→ Task description: Set the pictures aside and set down only the lines from the line holding "MSI2 Antibody - Immunohistochemistry" through the end of the entries below, ends included.

→ Information given:
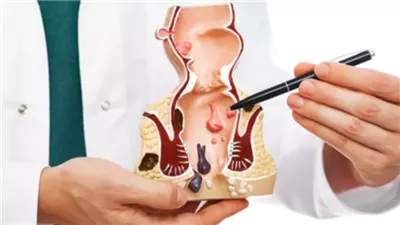 أعراض الإصابة بالشرخ الشرجي، وطرق علاجه بالمنزل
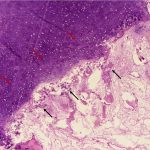 Fig. 6 Histopathology image (hematoxylin and eosin; ×40) showing the cartilaginous cap (red arrows) with underlying endochondral ossification (black arrows).
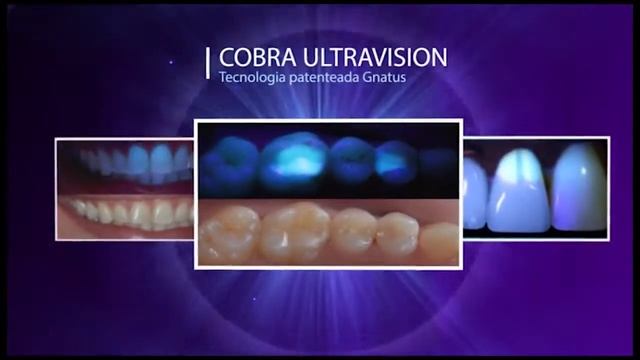 COBRA PB LED - турбинный наконечник | Gnatus (Бразилия)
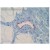 LYVE-1 antibody staining of Human Intestine (border area of a Colon Carcinoma).
The experiment has been performed by Dr. Karsten Debel, DCS, Hamburg, Germany.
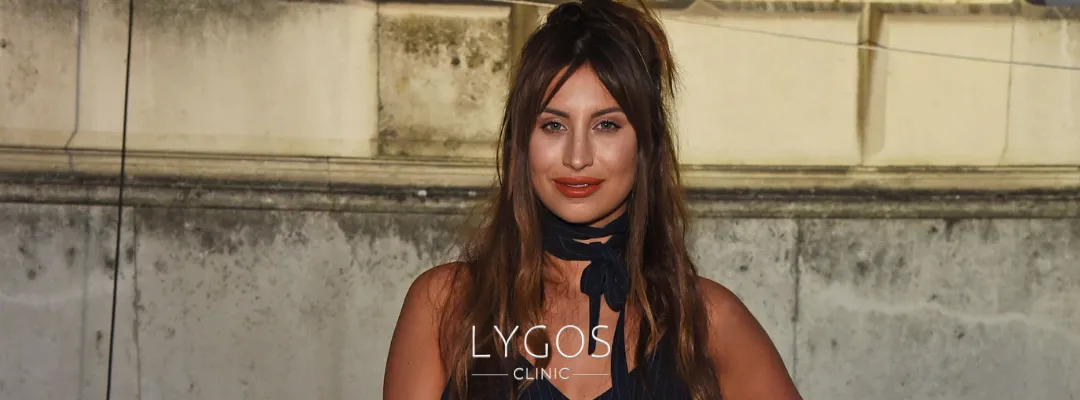Ferne McCann Rhinoplasty | Celebrities Nose Job 4 Why Celebrities Go for Nose Jobs Ferne McCann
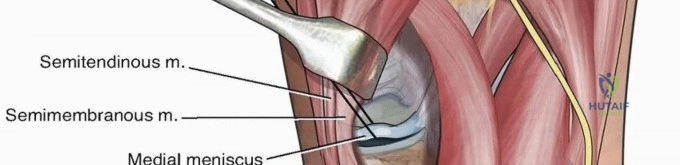 Clinical Image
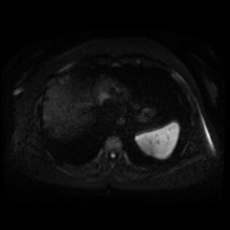 File:Adrenal myelolipoma - MRI (Radiopaedia 83249-97646 Axial DWI 2).jpg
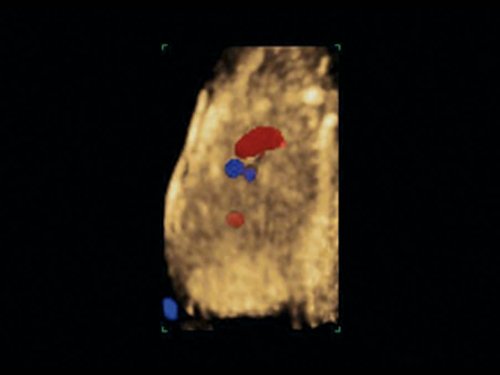 Эхограмма (режим STIC) - общий артериальный ствол, виден единый выносящий сосуд из двух желудочков, беременность 12 недель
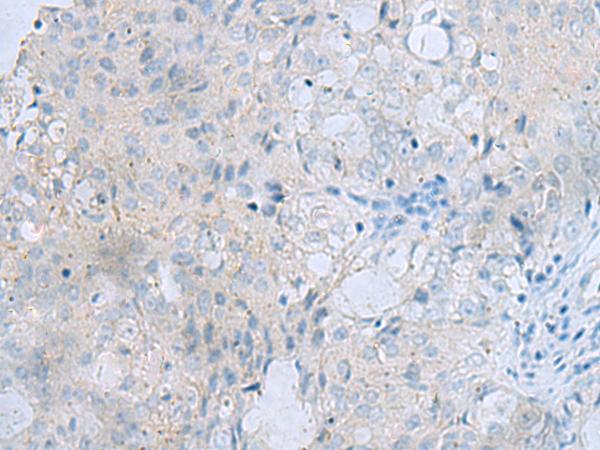 MSI2 Antibody - Immunohistochemistry of paraffin-embedded Human ovarian cancer tissue  using MSI2 Polyclonal Antibody at dilution of 1:70(×200)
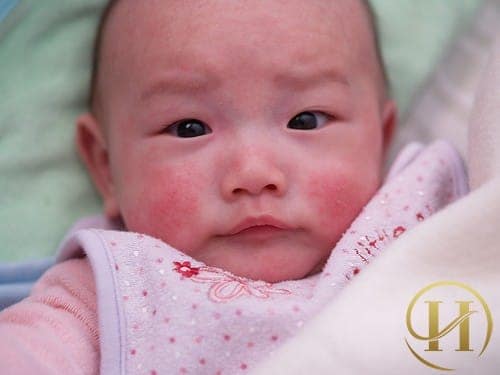 Chàm ở trẻ sơ sinh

→ Exercise answer:
 MSI2 Antibody - Immunohistochemistry of paraffin-embedded Human ovarian cancer tissue  using MSI2 Polyclonal Antibody at dilution of 1:70(×200)
 Chàm ở trẻ sơ sinh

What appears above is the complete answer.